_Recorded information_
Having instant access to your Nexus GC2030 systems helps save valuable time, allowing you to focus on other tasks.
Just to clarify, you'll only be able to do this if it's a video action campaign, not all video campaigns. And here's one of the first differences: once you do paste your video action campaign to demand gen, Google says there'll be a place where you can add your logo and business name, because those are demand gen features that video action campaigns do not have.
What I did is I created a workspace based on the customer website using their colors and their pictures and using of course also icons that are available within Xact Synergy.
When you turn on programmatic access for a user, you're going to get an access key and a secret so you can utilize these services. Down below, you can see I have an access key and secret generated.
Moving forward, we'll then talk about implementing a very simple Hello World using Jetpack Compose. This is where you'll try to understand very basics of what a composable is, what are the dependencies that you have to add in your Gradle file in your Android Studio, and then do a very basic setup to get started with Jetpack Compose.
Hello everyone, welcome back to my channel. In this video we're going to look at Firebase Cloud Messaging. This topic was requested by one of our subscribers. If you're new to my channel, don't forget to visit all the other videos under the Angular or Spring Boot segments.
* * *
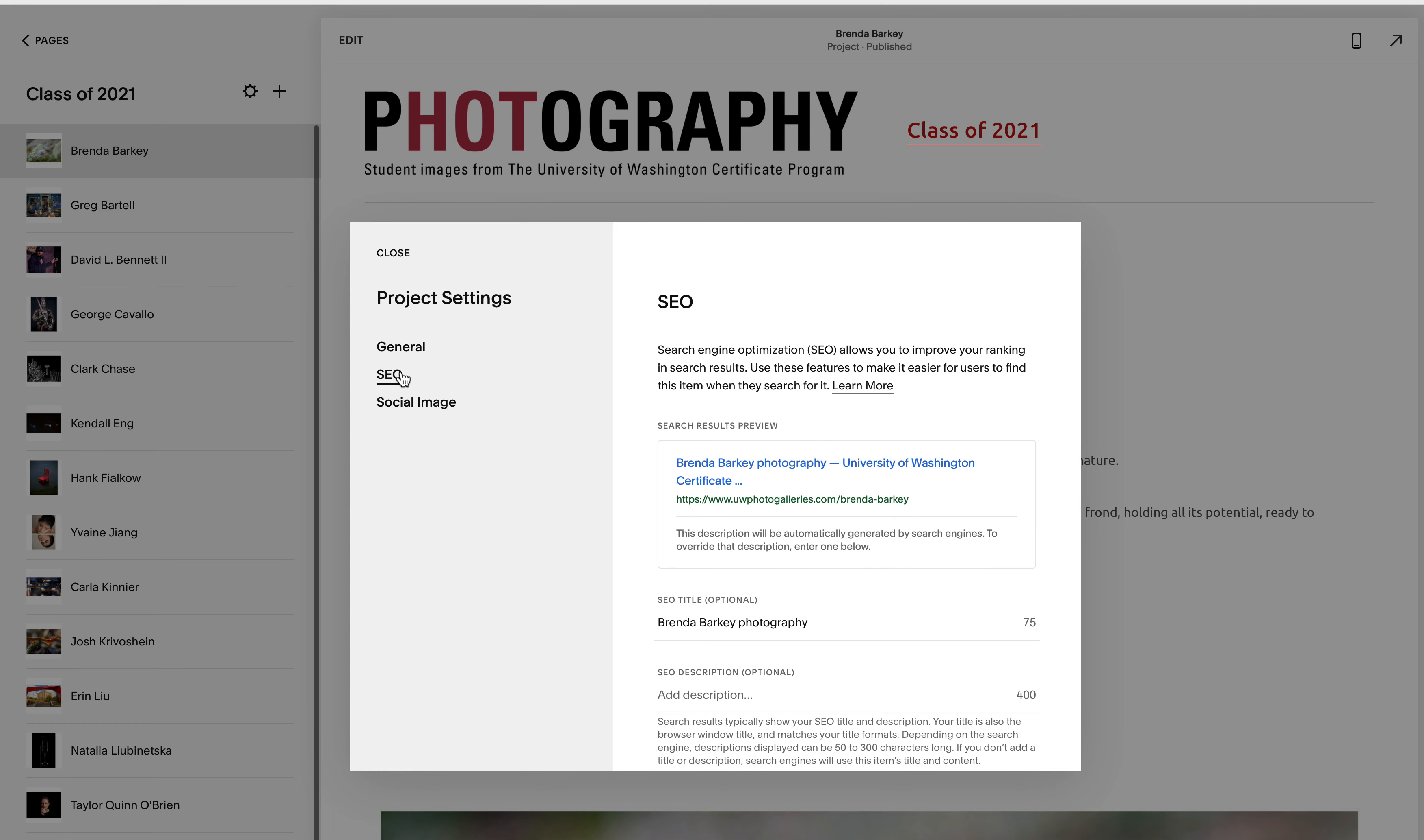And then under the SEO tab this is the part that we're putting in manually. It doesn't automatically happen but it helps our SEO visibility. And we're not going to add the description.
==
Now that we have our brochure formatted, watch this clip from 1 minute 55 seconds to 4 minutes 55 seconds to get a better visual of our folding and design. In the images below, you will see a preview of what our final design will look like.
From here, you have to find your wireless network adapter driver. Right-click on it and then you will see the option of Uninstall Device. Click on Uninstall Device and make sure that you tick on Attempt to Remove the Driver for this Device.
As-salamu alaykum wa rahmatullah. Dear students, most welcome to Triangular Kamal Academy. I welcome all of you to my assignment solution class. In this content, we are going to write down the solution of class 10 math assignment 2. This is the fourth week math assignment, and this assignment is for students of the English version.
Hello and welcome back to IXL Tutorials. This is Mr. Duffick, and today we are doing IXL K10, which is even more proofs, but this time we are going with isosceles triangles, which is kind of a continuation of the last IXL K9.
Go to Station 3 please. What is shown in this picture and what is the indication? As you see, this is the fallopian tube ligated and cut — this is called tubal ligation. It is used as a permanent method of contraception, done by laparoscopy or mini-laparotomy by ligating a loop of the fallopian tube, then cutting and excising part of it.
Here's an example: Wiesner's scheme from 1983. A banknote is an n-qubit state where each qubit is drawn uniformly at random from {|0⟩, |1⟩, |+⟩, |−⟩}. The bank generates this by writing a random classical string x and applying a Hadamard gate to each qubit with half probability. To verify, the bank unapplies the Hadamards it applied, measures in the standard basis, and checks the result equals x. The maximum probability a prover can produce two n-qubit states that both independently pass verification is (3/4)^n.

_What is needed_
Taking the entries above, write out exactly each line from the one holding "Having instant access" to the one holding "What I did is", both included, and stop there.

_Result for this exercise_
Having instant access to your Nexus GC2030 systems helps save valuable time, allowing you to focus on other tasks.
Just to clarify, you'll only be able to do this if it's a video action campaign, not all video campaigns. And here's one of the first differences: once you do paste your video action campaign to demand gen, Google says there'll be a place where you can add your logo and business name, because those are demand gen features that video action campaigns do not have.
What I did is I created a workspace based on the customer website using their colors and their pictures and using of course also icons that are available within Xact Synergy.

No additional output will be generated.